In the end, I enjoyed Up, despite its familiar elements. Many of my beefs with it are nitpicks. It’s not that I’m looking for flaws, but as Pixar hasn’t made a truly bad film yet, I hold them to a slightly higher standard. Some ingredients of Up were risky; if the whole film had been convention-defying, we may have had a masterpiece on our hands. As it stands, Up is “very good” (and certainly attention-holding), though not quite excellent.
Oddly, despite it coming with four discs, the Blu-ray set can be breezed through fairly quickly. The first disc contains the film, including an optional visual commentary (wherein pictures are superimposed over the film while the director and others talk). It’s worthwhile, especially all the concept art and production photos we get to see.
The commentary is good, but it’s the 22-minute documentary on a pre-production trip to a real life tepui to gather visual research for the film that truly shines.
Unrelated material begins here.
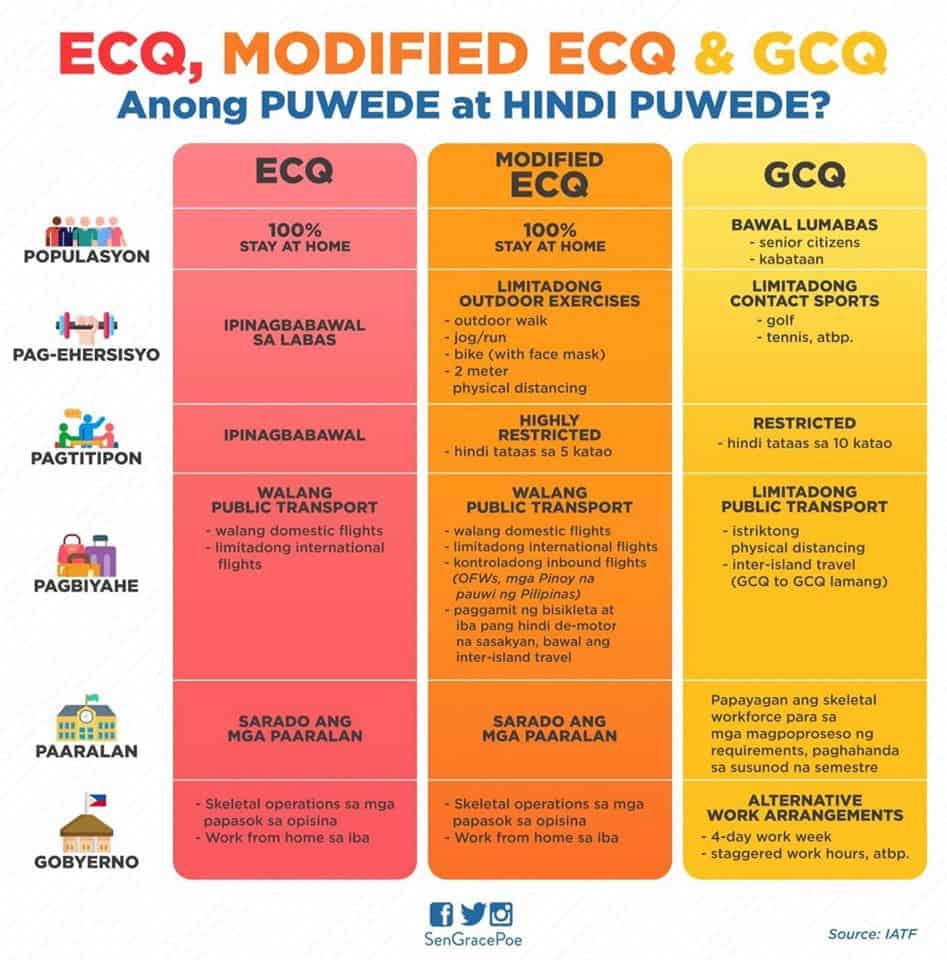 Cebu City Now Placed Under Mecq Until July 31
Besides the amazing sights we see on top of this plateau, there were some amusing stories about what happened while they were up there. Furthermore, this sort of thing makes you appreciate the hard work the Pixar staff regularly goes through for their films; they don’t just guess on the little things, and their attention to detail comes across in their work, even if only in the backgrounds.
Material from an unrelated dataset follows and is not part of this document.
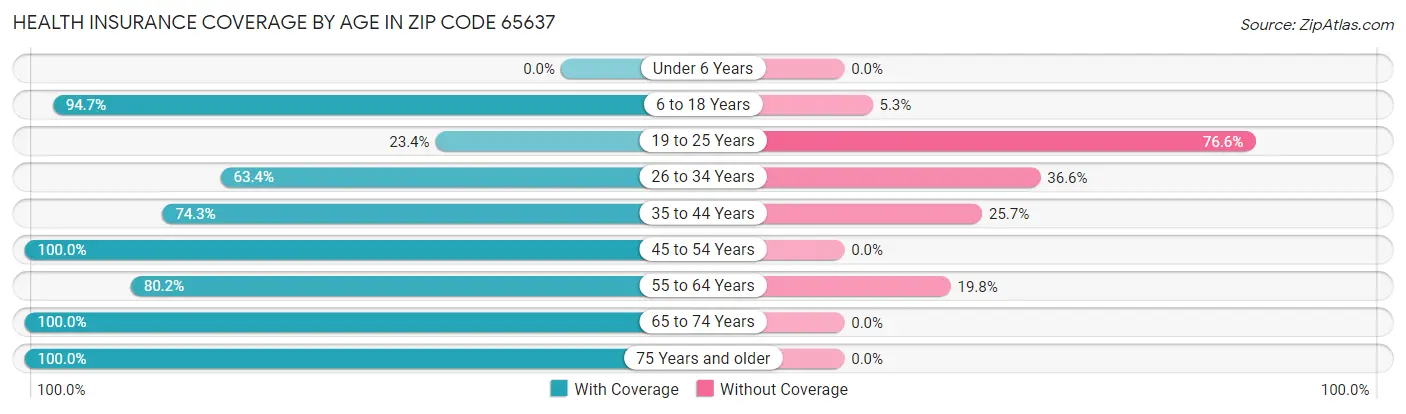 Health Insurance Coverage by Age in Zip Code 65637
Perhaps the most interesting on disc 1 is a discussion by the writers of all the multitude of ways the writers and director thought about killing off the antagonist. To hear them explain why they went with the final version is really fascinating and gave me an appreciation for the thought they put into how each ending would affect the overall theme (i.e., Carl getting over the death of Ellie).
We also get two bonus shorts: “Dug’s Special Mission”, which basically shows a day in the life of Dug before he meets Carl and Russell; and “Partly Cloudy”, which originally premiered before Up. It’s a short about a stork who tires of his cloud giving him dangerous animals to deliver. While mildly entertaining, it’s pretty obvious what will happen the minute the short begins. It doesn’t have the unpredictable and lightning fast nature that “Presto” had, for example.
On disc 2, we get about 50 minutes of featurettes, covering such things as character development, the score, and visuals. There’s also an alternate marriage montage in storyboard form. Additionally, there’s an interactive game which seemed geared towards the younger set (point your cursor over the correct state). Rounding things off on disc 2 are six minutes of promotional materials for Up. They’re little more than animation set pieces without music, but are worth watching just for more “awww”-worthy Dug footage. Finally, there are two theatrical Up trailers.
Disc 3 is just a repeat of disc 1 in DVD form. Why was this necessary again? And disc 4 is only of value if you’re interested in downloading a digital copy of the film. It wasn’t for me. All of this just seems like a waste of perfectly good discs to me.
To sum up, there’s a lot less here than the enticing “four discs!” marketing ploy would have you believe. What is here is quality, and like any Pixar Blu-ray, the image quality is practically perfect, but those expecting something akin to Lord of the Rings Extended Editions (which was also four discs), with hours upon hours of goodies, are going to be disappointed. Oh well, at least they didn’t get redundant with their special material, which is always appreciated.